MATERIAL PROVIDED: Begin
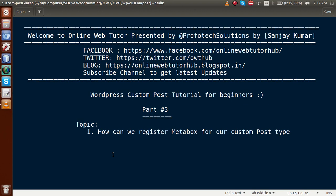Hello guys, welcome to Online Web Tutor presented by Preferred Solutions Team. I am Sanjay. We are learning about custom post type tutorial for beginners, and this is part 3. In this video session, we will see how we can register custom meta boxes for our custom post type. If you are a beginner to this channel, please don't forget to subscribe and keep watching our previous video sessions, part 1 and part 2.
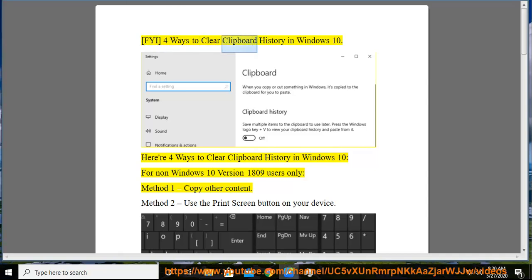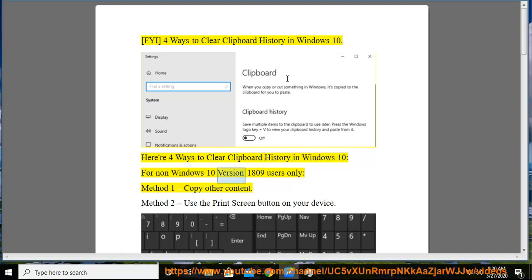FYI: 4 Ways to Clear Clipboard History in Windows 10. Here are 4 ways to clear clipboard history in Windows 10, for non-Windows 10 version 1809 users only.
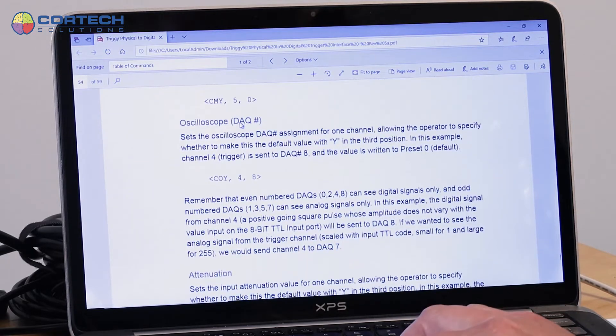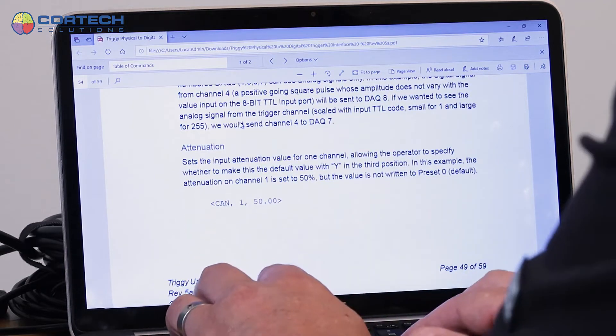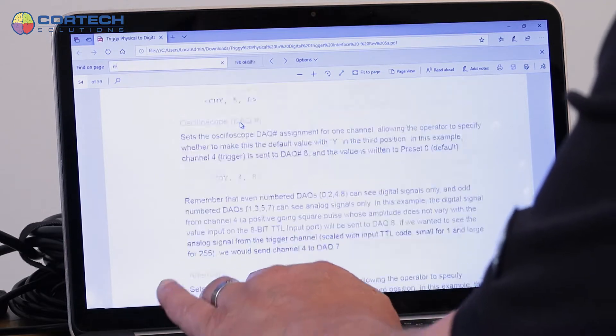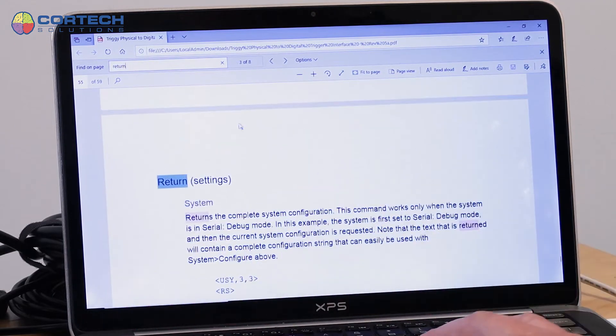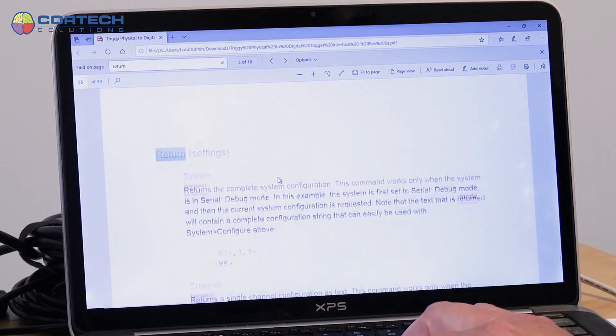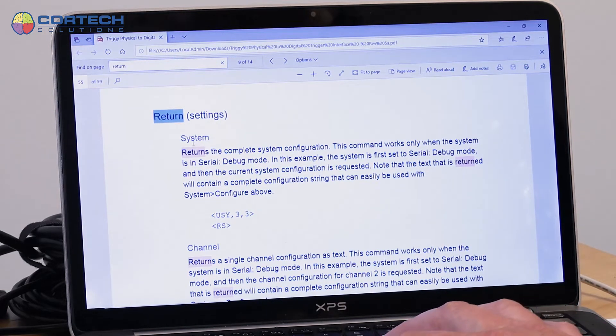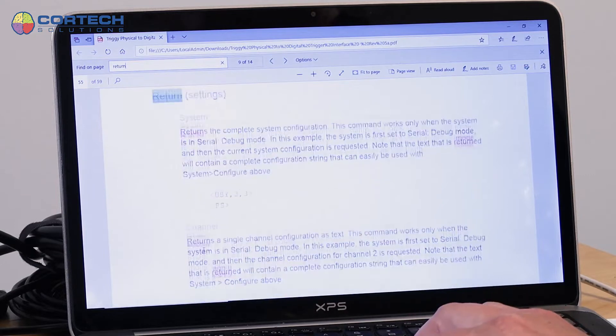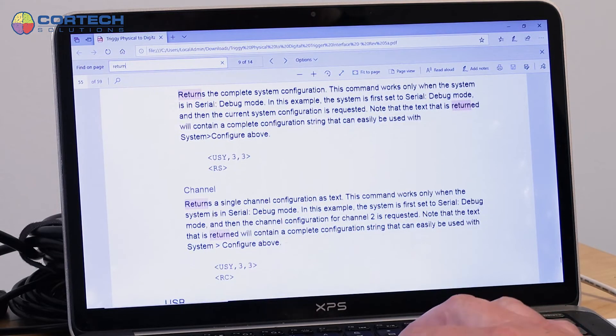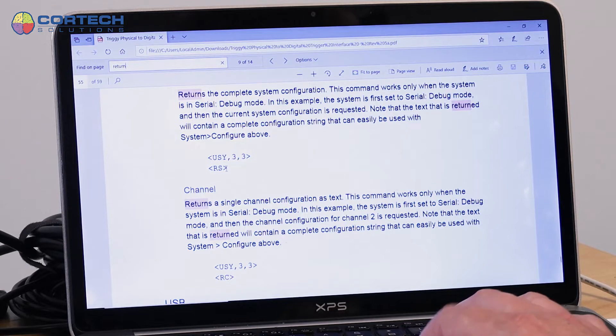Let's go down to return settings. So there's return settings for the system or return settings for a channel. Let's take the system example, RS.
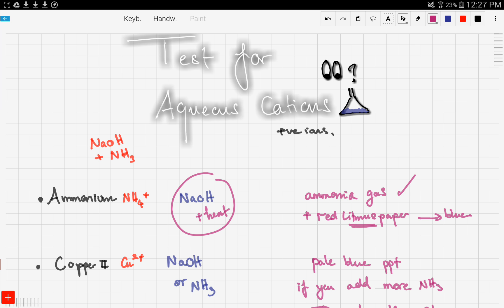Remember: copper, iron, and zinc form colored precipitates, while ammonium forms ammonia gas when reacting with sodium hydroxide. Good luck memorizing these! In the next video, we'll cover testing for aqueous anions, and later, testing for gases — stay tuned.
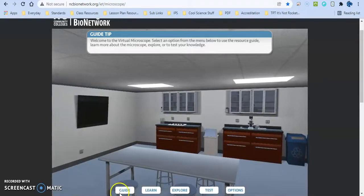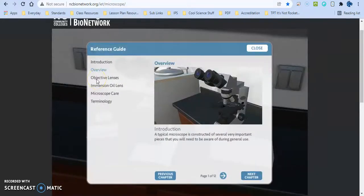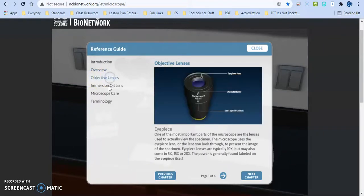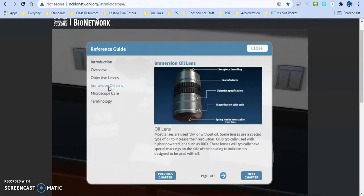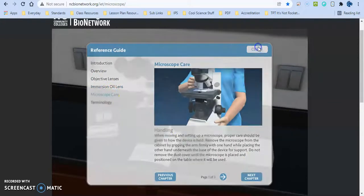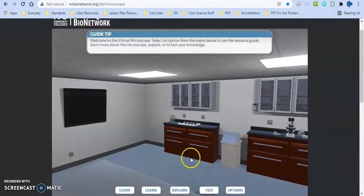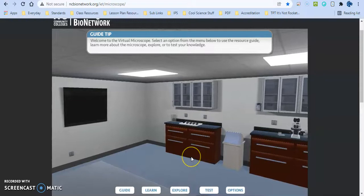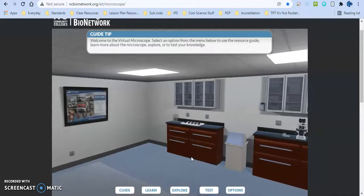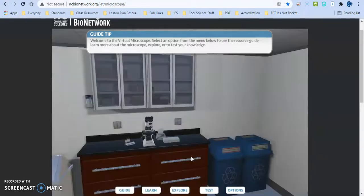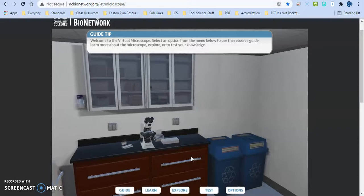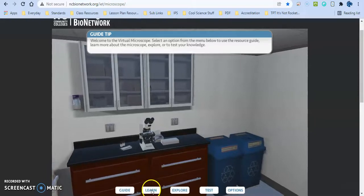The biggest thing behind this is you can learn about the actual use of the microscope, the different parts of it, why we use immersion oil, general care, some of the terminology. They can quiz themselves on it. There are some worksheets that you can give out to students that supplement with that.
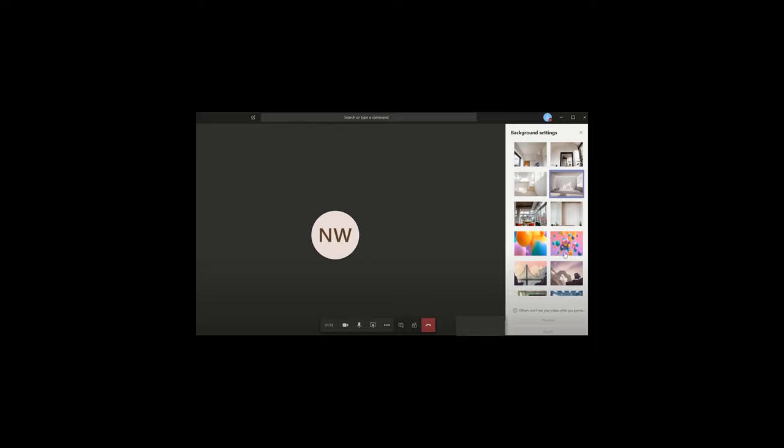At the very bottom of this window, you will see two buttons: one will be Preview and another will be Apply. You can select one of these pre-built background settings and click Preview to preview it. If you would like to use it, you can click Apply.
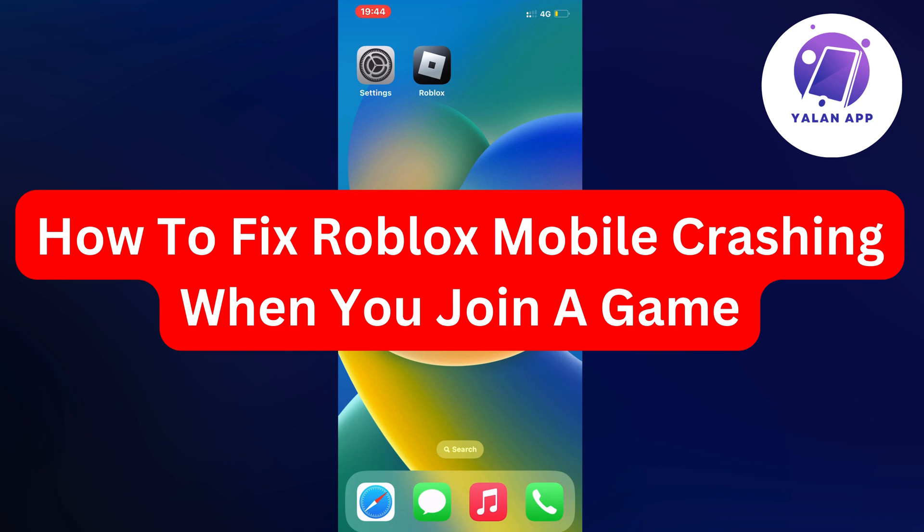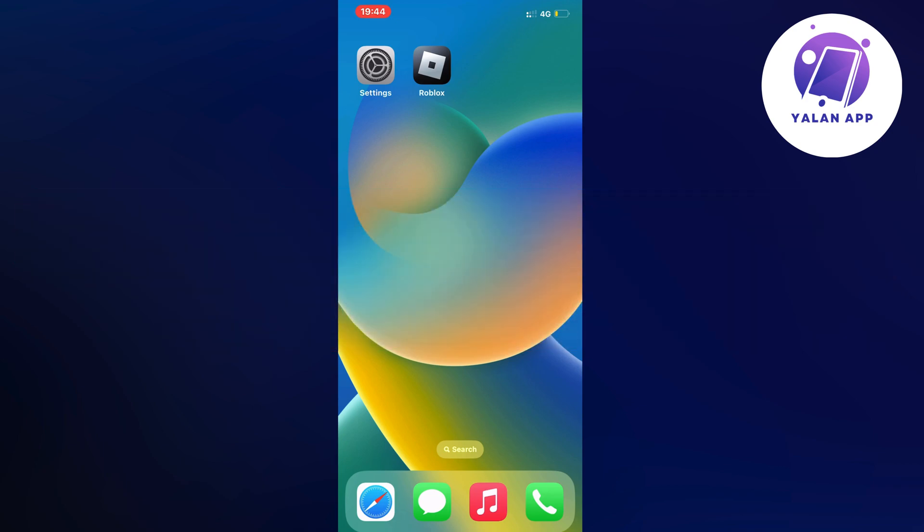Hello everybody and welcome back to Yalla app. Are you having problems with your Roblox mobile app crashing when you join a game and want to fix this?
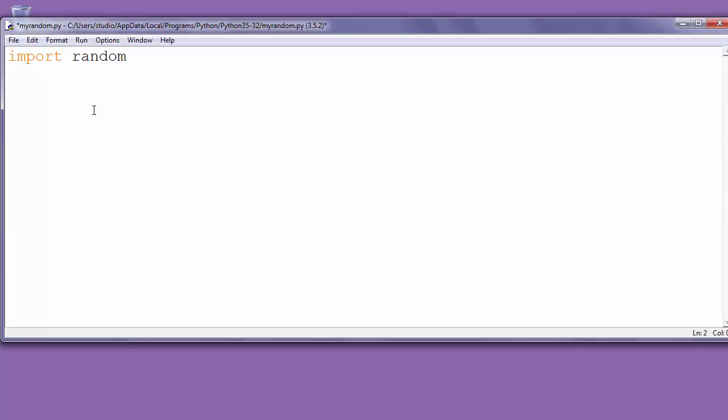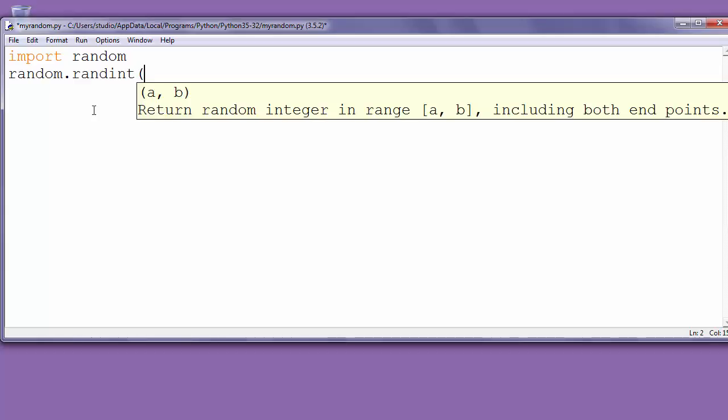Next we will use our random module by calling randint function. And inside that randint function we will put two arguments.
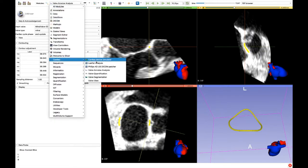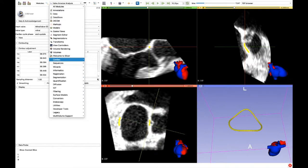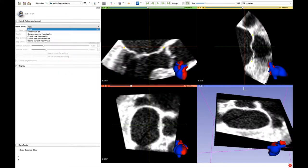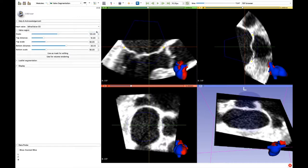Now it's time for leaflet segmentation. First, an editing mask shall be created. The closer the mask is to the annulus borders, the easier the segmentation will be.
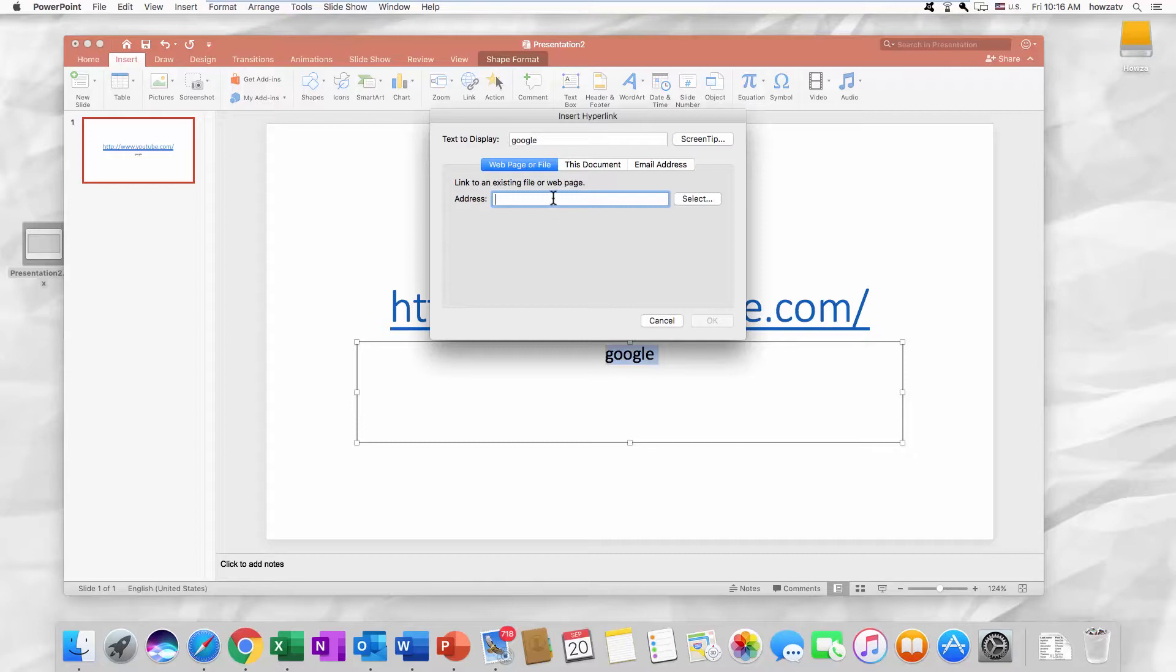Select Webpage or File. Paste the link into the address line. Click OK. Easy also.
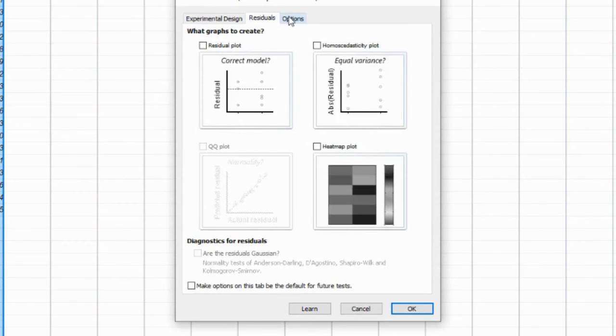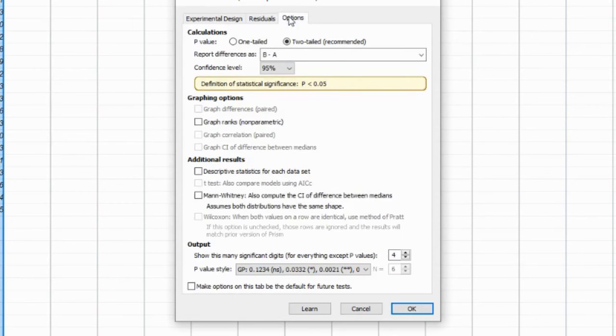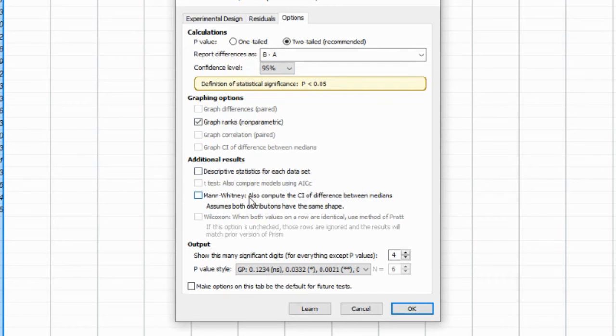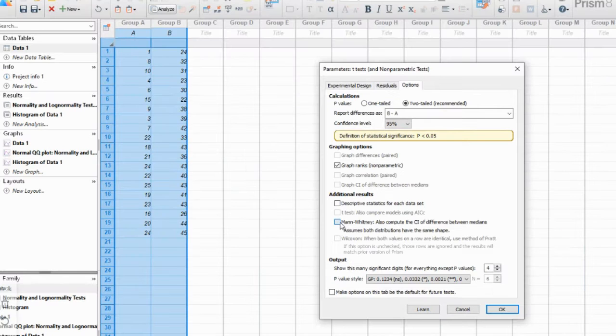The output of the Mann-Whitney U test provides valuable information. You'll see the U-value, which represents the sum of ranks for one group, the P-value indicating the significance of the difference between groups, and effect size measures.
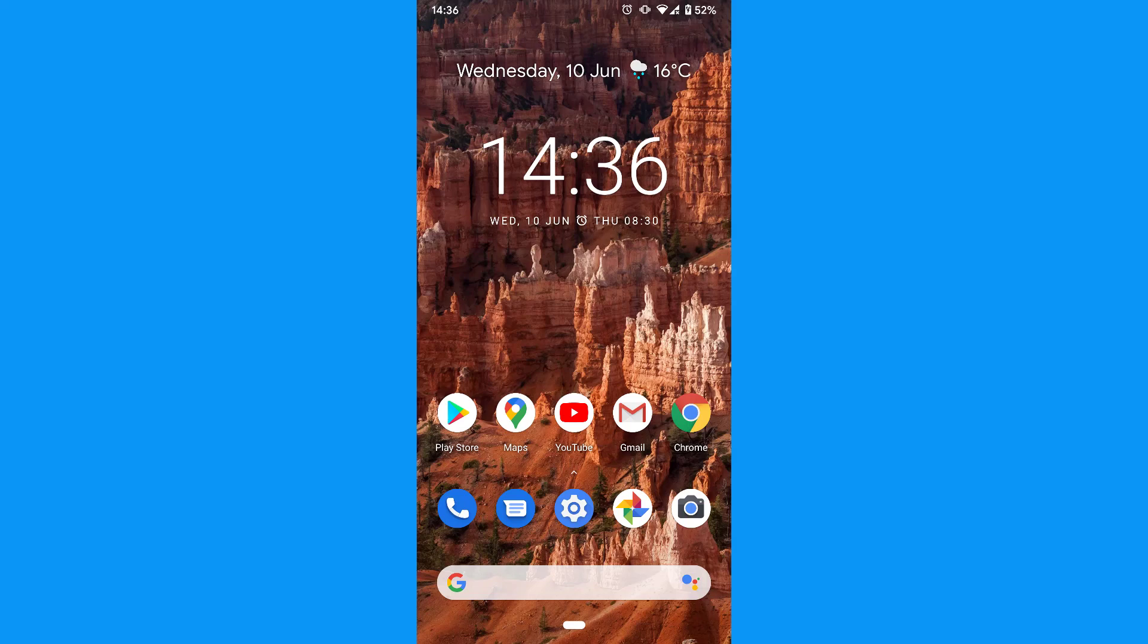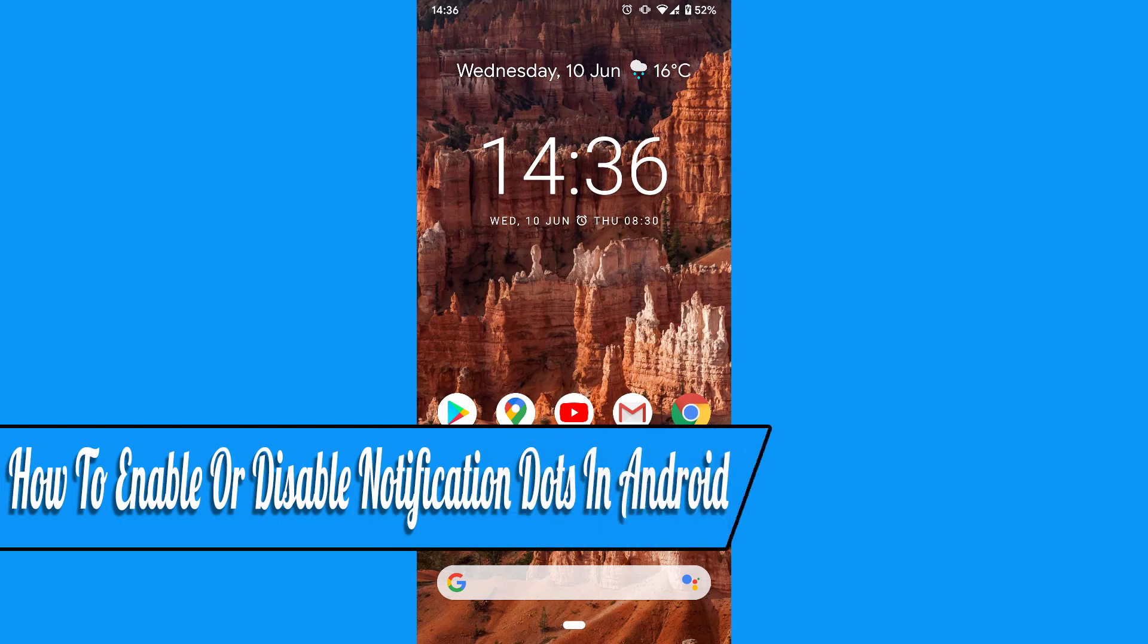Hello everyone and welcome back to another how-to tutorial. In this video I will show you how to enable or disable notification dots in Android.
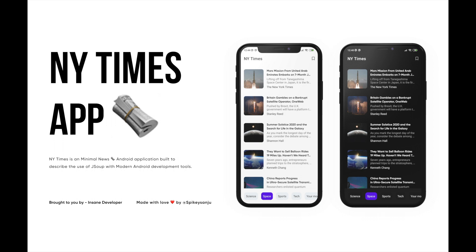Hey guys, it's Insane Developer here. Welcome back to my channel. I have started a new Android tutorial series called New York Times. New York Times is built to describe the use of modern Android architecture tools. We are not going to use any API to get the data from New York Times. Instead, we're gonna use JSoup to scrape the data from the New York Times website to display in our app. Here is a quick demo of our app.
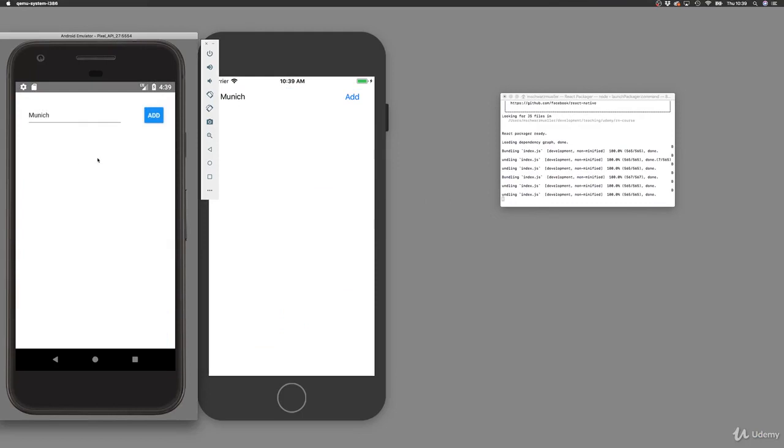And with that, we added our third-party library hooking into native device features to the app.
MATERIAL PROVIDED: End
**WORK INSTRUCTION**
Retype the full listing above precisely. Exclude each picture you find in it.

**EXERCISE SOLUTION**
Hello guys, welcome to Online Web Tutor presented by Preferred Solutions Team. I am Sanjay. We are learning about custom post type tutorial for beginners, and this is part 3. In this video session, we will see how we can register custom meta boxes for our custom post type. If you are a beginner to this channel, please don't forget to subscribe and keep watching our previous video sessions, part 1 and part 2.
FYI: 4 Ways to Clear Clipboard History in Windows 10. Here are 4 ways to clear clipboard history in Windows 10, for non-Windows 10 version 1809 users only.
Let's go down to return settings. So there's return settings for the system or return settings for a channel. Let's take the system example, RS.
Remember: copper, iron, and zinc form colored precipitates, while ammonium forms ammonia gas when reacting with sodium hydroxide. Good luck memorizing these! In the next video, we'll cover testing for aqueous anions, and later, testing for gases — stay tuned.
The biggest thing behind this is you can learn about the actual use of the microscope, the different parts of it, why we use immersion oil, general care, some of the terminology. They can quiz themselves on it. There are some worksheets that you can give out to students that supplement with that.
At the very bottom of this window, you will see two buttons: one will be Preview and another will be Apply. You can select one of these pre-built background settings and click Preview to preview it. If you would like to use it, you can click Apply.
Hello everybody and welcome back to Yalla app. Are you having problems with your Roblox mobile app crashing when you join a game and want to fix this?
Next we will use our random module by calling randint function. And inside that randint function we will put two arguments.
Now it's time for leaflet segmentation. First, an editing mask shall be created. The closer the mask is to the annulus borders, the easier the segmentation will be.
Select Webpage or File. Paste the link into the address line. Click OK. Easy also.
The output of the Mann-Whitney U test provides valuable information. You'll see the U-value, which represents the sum of ranks for one group, the P-value indicating the significance of the difference between groups, and effect size measures.
Hello everyone and welcome back to another how-to tutorial. In this video I will show you how to enable or disable notification dots in Android.
Hey guys, it's Insane Developer here. Welcome back to my channel. I have started a new Android tutorial series called New York Times. New York Times is built to describe the use of modern Android architecture tools. We are not going to use any API to get the data from New York Times. Instead, we're gonna use JSoup to scrape the data from the New York Times website to display in our app. Here is a quick demo of our app.
And with that, we added our third-party library hooking into native device features to the app.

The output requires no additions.